I was trying out some new technology (for me): using printable
PDF tiles from Skeleton Key Games (SKG) for the battle mats. I
especially like the SKG tiles for a couple of reasons. First, the
tile graphics in the PDF files can be easily extracted (just
right-click and choose copy) and munged to produce custom tiles.
Secondly, the tile sets include thumbnail catalogs of the tiles, which
can easily be extracted and added to the tilesets of programs like
DungeonForge. This makes it a lot easier to design the map layouts
to begin with (virtual tile flipping replaces physical tile flipping)
and makes it easy to produce small scale maps for reference for laying
out the tiles on the table by exporting the maps from DungeonForge as
.PNG files and adding labels with the tile numbers with the GIMP.
(This is especially useful when using wilderness tiles!) On the
printed tiles I wrote the tile number on the back, again to make
things easier when laying them out on the table.
Overall the tiles worked pretty well. The worst problem was that the tiles tended to curve up at the edges, a common problem with cardstock printed on inkjet printers: as the large surface area of ink dries the edges curl up.
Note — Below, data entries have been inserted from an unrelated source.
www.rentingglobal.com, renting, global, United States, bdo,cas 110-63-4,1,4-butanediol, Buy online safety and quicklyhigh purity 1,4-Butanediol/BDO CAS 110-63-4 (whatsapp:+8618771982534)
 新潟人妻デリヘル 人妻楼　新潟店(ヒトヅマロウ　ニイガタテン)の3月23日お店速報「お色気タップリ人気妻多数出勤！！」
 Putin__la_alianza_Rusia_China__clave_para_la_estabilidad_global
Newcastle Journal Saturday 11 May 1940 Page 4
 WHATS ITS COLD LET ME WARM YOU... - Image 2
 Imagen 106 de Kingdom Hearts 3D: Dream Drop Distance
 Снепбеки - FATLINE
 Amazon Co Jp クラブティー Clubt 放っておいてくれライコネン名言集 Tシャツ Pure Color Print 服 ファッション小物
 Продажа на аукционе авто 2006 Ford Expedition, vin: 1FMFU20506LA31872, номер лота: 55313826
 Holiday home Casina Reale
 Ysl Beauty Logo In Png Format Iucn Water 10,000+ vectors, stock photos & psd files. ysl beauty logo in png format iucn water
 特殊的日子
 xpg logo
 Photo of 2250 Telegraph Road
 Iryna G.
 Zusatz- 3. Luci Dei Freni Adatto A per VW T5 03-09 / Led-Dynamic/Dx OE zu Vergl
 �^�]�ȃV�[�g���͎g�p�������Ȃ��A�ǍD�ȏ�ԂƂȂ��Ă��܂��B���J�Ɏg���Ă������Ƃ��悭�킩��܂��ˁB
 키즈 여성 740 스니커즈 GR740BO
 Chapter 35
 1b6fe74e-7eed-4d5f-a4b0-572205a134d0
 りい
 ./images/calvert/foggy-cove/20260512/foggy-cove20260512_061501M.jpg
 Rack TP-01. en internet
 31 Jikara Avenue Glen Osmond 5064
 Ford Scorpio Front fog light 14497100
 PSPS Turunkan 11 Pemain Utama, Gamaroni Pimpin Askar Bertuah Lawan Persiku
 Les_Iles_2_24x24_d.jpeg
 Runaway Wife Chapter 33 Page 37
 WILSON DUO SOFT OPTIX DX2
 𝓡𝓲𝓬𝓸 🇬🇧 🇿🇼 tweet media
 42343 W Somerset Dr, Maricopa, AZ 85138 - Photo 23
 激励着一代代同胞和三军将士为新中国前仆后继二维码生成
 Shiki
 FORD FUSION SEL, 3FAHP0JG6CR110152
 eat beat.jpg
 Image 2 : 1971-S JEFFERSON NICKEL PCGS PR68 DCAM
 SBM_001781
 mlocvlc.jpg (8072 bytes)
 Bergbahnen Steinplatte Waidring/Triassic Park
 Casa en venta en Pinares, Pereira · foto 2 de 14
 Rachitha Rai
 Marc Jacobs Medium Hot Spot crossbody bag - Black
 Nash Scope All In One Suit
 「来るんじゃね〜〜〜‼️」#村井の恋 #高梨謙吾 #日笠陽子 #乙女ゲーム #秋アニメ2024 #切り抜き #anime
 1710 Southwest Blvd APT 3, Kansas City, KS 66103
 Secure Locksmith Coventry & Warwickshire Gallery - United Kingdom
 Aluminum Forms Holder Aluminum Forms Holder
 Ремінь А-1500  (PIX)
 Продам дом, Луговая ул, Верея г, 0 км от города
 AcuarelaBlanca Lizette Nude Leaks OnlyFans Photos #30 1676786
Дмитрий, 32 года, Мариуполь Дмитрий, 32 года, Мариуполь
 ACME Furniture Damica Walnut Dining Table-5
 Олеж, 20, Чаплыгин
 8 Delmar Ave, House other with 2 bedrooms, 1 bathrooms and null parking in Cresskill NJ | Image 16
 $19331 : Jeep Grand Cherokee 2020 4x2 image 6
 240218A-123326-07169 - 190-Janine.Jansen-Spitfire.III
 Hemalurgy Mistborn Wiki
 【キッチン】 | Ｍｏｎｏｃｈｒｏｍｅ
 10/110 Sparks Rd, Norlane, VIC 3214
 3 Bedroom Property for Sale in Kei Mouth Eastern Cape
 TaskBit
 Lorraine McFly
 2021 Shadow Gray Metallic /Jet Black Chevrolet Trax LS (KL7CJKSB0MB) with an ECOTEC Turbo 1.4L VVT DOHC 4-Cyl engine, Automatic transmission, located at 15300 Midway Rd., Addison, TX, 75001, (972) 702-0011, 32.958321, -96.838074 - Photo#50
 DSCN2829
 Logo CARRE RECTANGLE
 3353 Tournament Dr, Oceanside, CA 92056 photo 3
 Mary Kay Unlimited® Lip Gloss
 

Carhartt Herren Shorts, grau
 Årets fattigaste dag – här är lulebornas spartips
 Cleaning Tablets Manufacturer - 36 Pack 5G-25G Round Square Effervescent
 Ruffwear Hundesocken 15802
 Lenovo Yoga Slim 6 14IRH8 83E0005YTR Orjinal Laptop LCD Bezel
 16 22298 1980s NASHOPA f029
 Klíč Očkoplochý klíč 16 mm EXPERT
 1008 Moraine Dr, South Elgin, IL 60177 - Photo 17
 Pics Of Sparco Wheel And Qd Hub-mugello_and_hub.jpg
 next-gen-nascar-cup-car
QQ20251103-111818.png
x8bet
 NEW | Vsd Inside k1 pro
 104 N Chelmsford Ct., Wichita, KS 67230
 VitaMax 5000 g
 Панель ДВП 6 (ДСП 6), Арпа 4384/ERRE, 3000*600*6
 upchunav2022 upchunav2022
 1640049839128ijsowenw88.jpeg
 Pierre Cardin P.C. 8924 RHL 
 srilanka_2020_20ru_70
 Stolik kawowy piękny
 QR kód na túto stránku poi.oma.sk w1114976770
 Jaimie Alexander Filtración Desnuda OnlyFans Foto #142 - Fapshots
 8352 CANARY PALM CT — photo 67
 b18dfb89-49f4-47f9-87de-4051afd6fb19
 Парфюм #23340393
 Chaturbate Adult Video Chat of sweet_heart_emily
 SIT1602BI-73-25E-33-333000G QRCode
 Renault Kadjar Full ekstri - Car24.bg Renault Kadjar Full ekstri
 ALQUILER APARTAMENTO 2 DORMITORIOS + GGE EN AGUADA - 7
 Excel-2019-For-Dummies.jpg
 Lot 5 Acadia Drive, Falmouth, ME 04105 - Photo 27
This didn't prevent their use, and curling them in the opposite direction before laying them out helped, but I think I'll try laminating them and see if that helps. My first map designs using the tiles were not as interesting as I wanted, but the tiles themselves looked good and worked pretty well. The kids occasionally dislodged the tiles a little, but that was easily fixed, and once while dealing initiative cards I accidently slide one under the tiles, which got a laugh.
After we played I redesigned the maps to give a more dynamic environment, since I'm planning on running “The Eternal Nazi” for another other gaming group. I got a couple more of the SKG sets, and used GIMP to make three custom tiles. This let me make a much more interesting environment. Part of the problem I had with designing the map in the first place was inexperience with the tiles, but part was because the tile sets I had were heavily slanted towards fantasy, and I was constructing something more out of the “lost race” pulp adventure stories, set in the 1940s.
One thing that I'd like to see is a bunch of tiles with items that could be dropped on top of other tiles, like piles of metal barrels and so forth.
DungeonForge has a couple of annoying bugs, but it's free and works well enough, as long as I remember to save often and not put tiles against the edges of the map.
Todo: I'll try to edit more actual play details into this post when I've got a moment and my notes are handy.